## MATERIAL PROVIDED
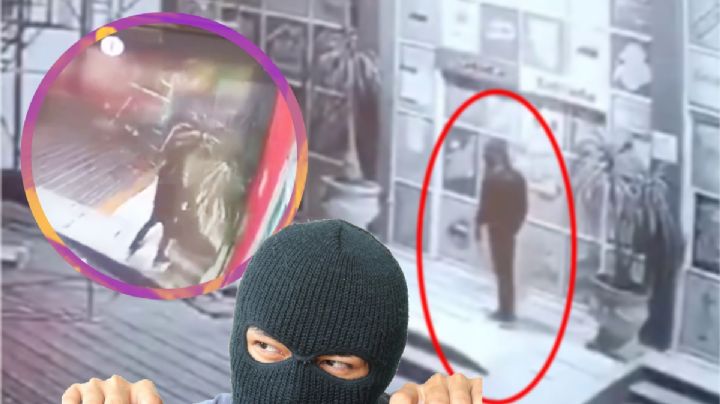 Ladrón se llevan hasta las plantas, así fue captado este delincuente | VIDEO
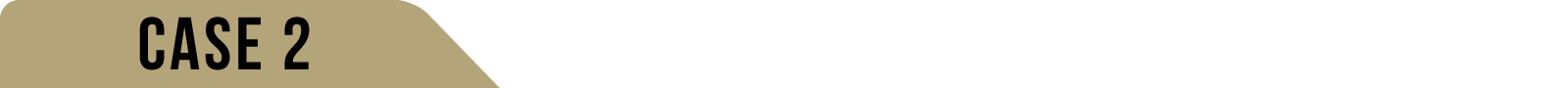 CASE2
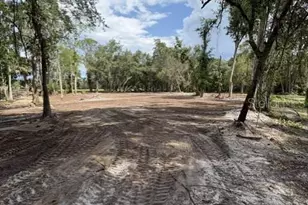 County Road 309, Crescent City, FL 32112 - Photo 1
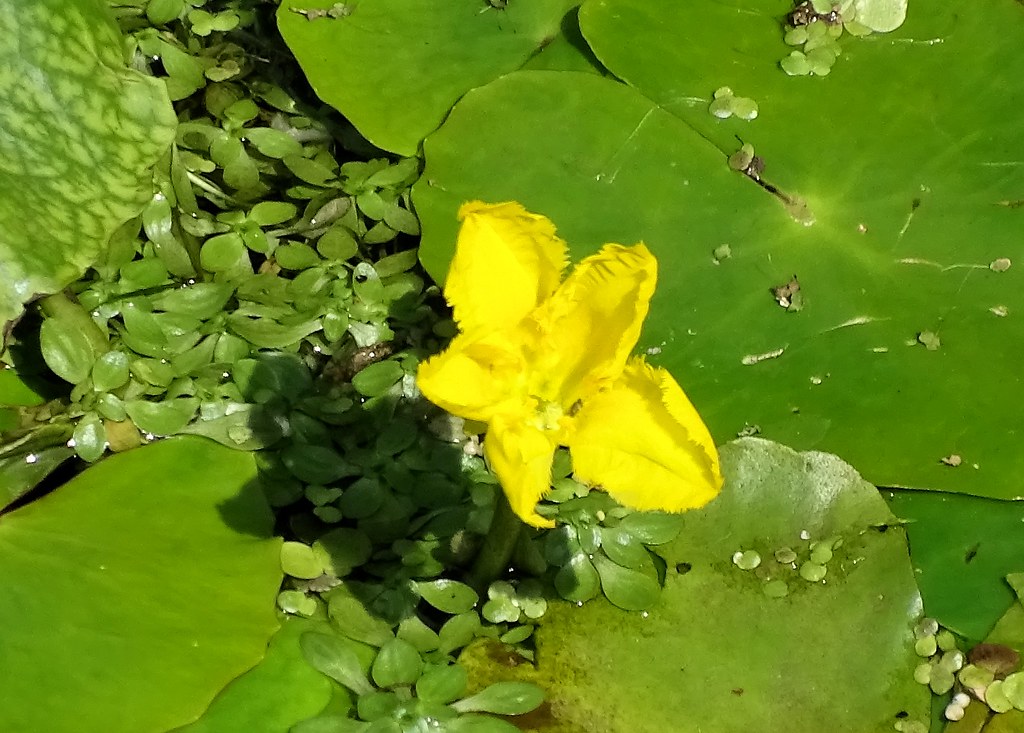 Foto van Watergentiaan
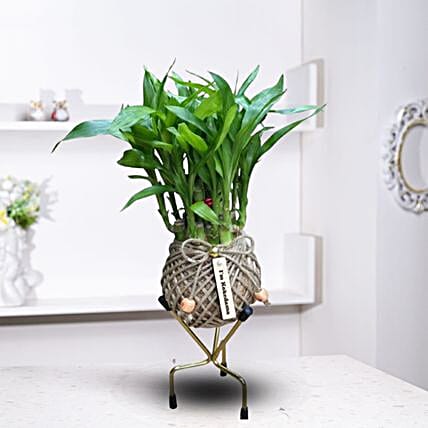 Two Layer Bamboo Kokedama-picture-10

## ACTIVITY
Output everything in the material exactly. Pictures stay out of it.

## RESPONSE TO THIS TASK
 Ladrón se llevan hasta las plantas, así fue captado este delincuente | VIDEO
 CASE2
 County Road 309, Crescent City, FL 32112 - Photo 1
 Foto van Watergentiaan
 Two Layer Bamboo Kokedama-picture-10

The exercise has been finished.